* Work task *
Copy out the lines beginning with the one that contains "Woman reading on" and ending with the last line below, exactly as they stand. Pictures are not copied.

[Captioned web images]
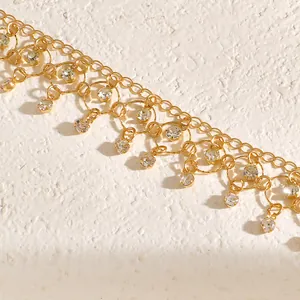 Macro view of gold-plated necklace featuring sparkling zirconia tassels and geometric rings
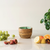 Wooden bowl with a green interior on a light surface with fruits and a plant.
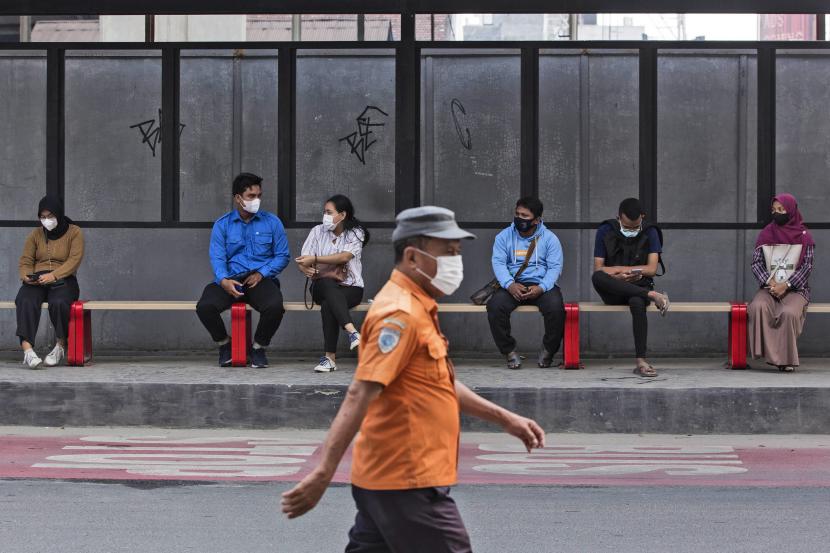Orang-orang yang memakai masker untuk membantu mengekang penyebaran wabah COVID-19 duduk di halte bus di Medan, Sumatera Utara, Sabtu, 29 Januari 2022. 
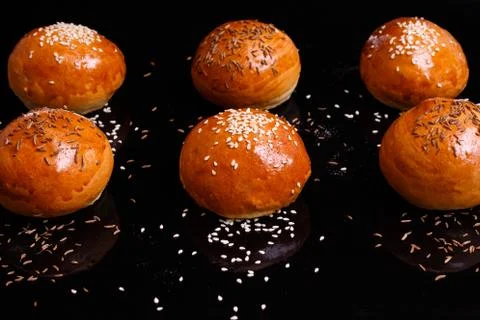 White crispy buns with sesame seeds. Photo on a black background. Stock Photos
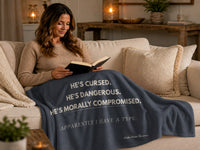 Woman reading on a cozy sofa while wrapped in a dark romance sweatshirt blanket displaying the quote "He's Cursed. He's Dangerous. He's Morally Compromised." Comfortable reading blanket for fans of morally gray men and dark romance books.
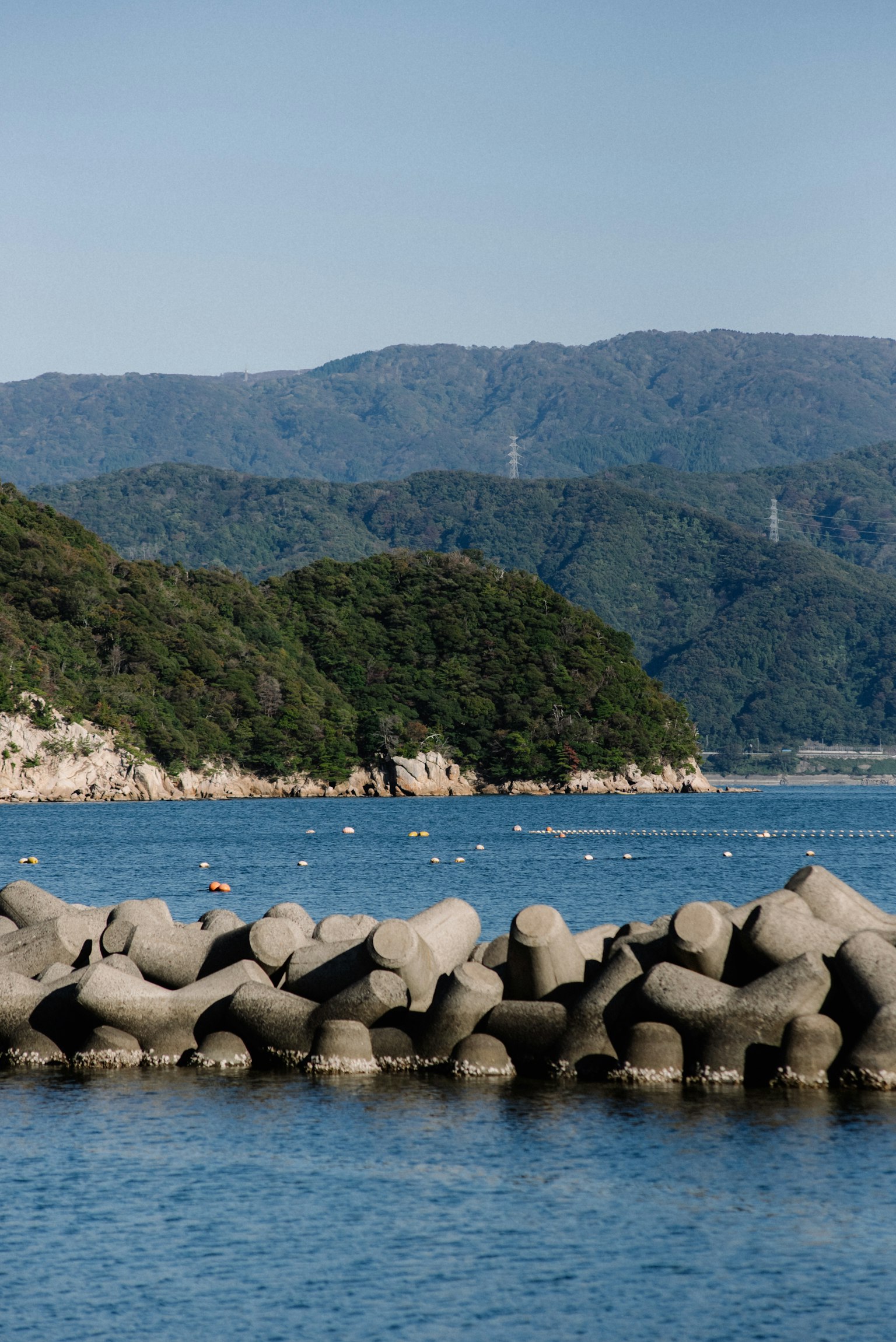 Breakwater beton dengan laut biru dan latar belakang pegunungan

* Solution *
 Woman reading on a cozy sofa while wrapped in a dark romance sweatshirt blanket displaying the quote "He's Cursed. He's Dangerous. He's Morally Compromised." Comfortable reading blanket for fans of morally gray men and dark romance books.
 Breakwater beton dengan laut biru dan latar belakang pegunungan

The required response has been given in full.